Before the saloon's blessedly dim lights go out for good, however - before its superb shuffleboard and jukebox and pool tables are removed, and the dollar bills stapled to the ceiling plucked down and donated to the Redwood Empire Food Bank - there's still time to assess its complicated legacy.

It's true that the Wheel, just north of Liberty Bail Bonds on Mendocino Avenue, has a colorful and sometimes checkered past as a biker bar - and that it has often been a first stop for patrons freshly sprung from Sonoma County's nearby Main Adult Detention Facility. (For years, customers who showed their release papers from the county lockup got a free drink, although the Mandolis put an end to that tradition.)

There was that FBI raid in 2017, when authorities arrested a half-dozen Hells Angels for charges that included racketeering and conspiracy involving murder, assault, robbery, extortion and witness tampering.

And there remain those dark smudges on the flooring where, years before, a biker named Billy rode his Harley through the doorway on the west side of the Wheel, executed a burnout, then gunned it through the bar to the opposite door.

Further burnishing Billy's legend, according to numerous witnesses, was the fact that he performed this feat while transporting a female passenger who was, for that brief journey, unclothed.

While acknowledging the bar's rowdy past, the Mandolis and other friends of the Wheel choose not dwell on or overly emphasize it.

Sure, there are still some bikers at the Wheel, particularly in its final weeks and days, but they are longer in the tooth and shorter in number than a quarter century ago, Mark Mandoli noted.

In those wild days, recalled a woman named Robin, who showed up with seven friends Thursday evening to toast the bar, the Wagon Wheel had a dirt parking lot that was much larger and served as a staging area for mass rides. "Afterward, we'd come back here for a barbecue."

What has remained constant, say the Mandolis, is the vibe in the bar.

While the "biking community" is shrinking, said Mark, "The atmosphere" in the Wheel has always been the same. "It's always been a warm place where everybody got along."

Brian Teager, a gentle man with an offensive guard's build who has tended bar at the saloon for 33 years, explained that those who enter are expected to "treat the place with respect, and treat people with respect.

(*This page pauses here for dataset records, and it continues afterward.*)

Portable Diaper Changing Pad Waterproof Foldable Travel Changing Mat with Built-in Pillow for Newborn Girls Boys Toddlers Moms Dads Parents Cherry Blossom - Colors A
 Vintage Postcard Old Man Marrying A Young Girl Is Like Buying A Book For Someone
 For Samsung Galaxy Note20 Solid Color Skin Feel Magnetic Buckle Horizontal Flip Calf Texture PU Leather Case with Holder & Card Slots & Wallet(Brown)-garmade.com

And if you don't, you're asked to leave."

Teager's final shift, on Wednesday, June 3, was a busy one. Some customers are venturing in for the first time, to see what they've been missing before it goes away. Others are dropping by to bid an old friend adios - including the married couple from England who first met at the Wagon Wheel, then moved to the United Kingdom, and returned to Santa Rosa two weeks ago for the express purpose of saying goodbye to the place.

"Who'd have known that going out of business would be so good for business?" Teager said.

Citing one of the Wheel's unofficial mantras, he described it as a place "where people can come who don't necessarily conform to the norm."

Asked to name a few of those nonconformists, he mentioned Kenny the Weasel - "Little guy, beady eyes. Lived in his car, liked to drink" - and Bill from the Hill, a retiree and morning person who lived on Calistoga Road. His habit was to be at the Wheel when it opened at 6 a.m.

"He'd drink 'til about 10, then he'd leave."

Jason Teats, whose baby face is belied by his salt and pepper goatee, has spent a quarter century working behind the bar at the Wheel.

He was drawn to it at first, he recalled, because "people were real with each other, and watched out for each other. Anytime you walk in with a long face, somebody is going to recognize it, and ask how you're doing, and what's going on."

Those with negative things to say about the Wheel, he believes, "are people who have heard things from people that barely came here.

"In my 25-year bartending career," he said, "I've only ever had to lay hands on three people.

"This is the safest bar in Sonoma County."

While that may be debatable, patrons credited Mandolis and their co-owners with creating a unique refuge.

"There are some rough people here," said a man, who had just won at the shuffleboard table. He identified himself as "The Barrel," although his lanky frame evoked a stave more than a barrel.

"But when they come in, they show (the Mandolis) appreciation and respect, because of the way they've run this business."

It would be a mistake, however, to go too far in trying to sanitize the history of the saloon.

The aforementioned Robin and her circle of friends, seated by the back wall - "The Real Housewives of Sonoma County," they called themselves - will quickly set you straight.

Has the Wheel been misunderstood, lo these many years?

"No, it was bad," replied one of the housewives. "It was a raunchy biker bar."

"It was bad, but it wasn't bad bad," said another. "It was GOOD bad."

All conversation ceased when the 26-year-old bartender Savannah Sisko, commemorating the end of her final shift, announced she would be giving her "dear friend Tim" a Hurricane shot.

"That's when a man takes a shot, and I throw a glass of water in his face, then slap the s- out of him," she explained.

A cheer went up.

Tim slammed the shot, and - to the bar's roaring approval - got his face slapped.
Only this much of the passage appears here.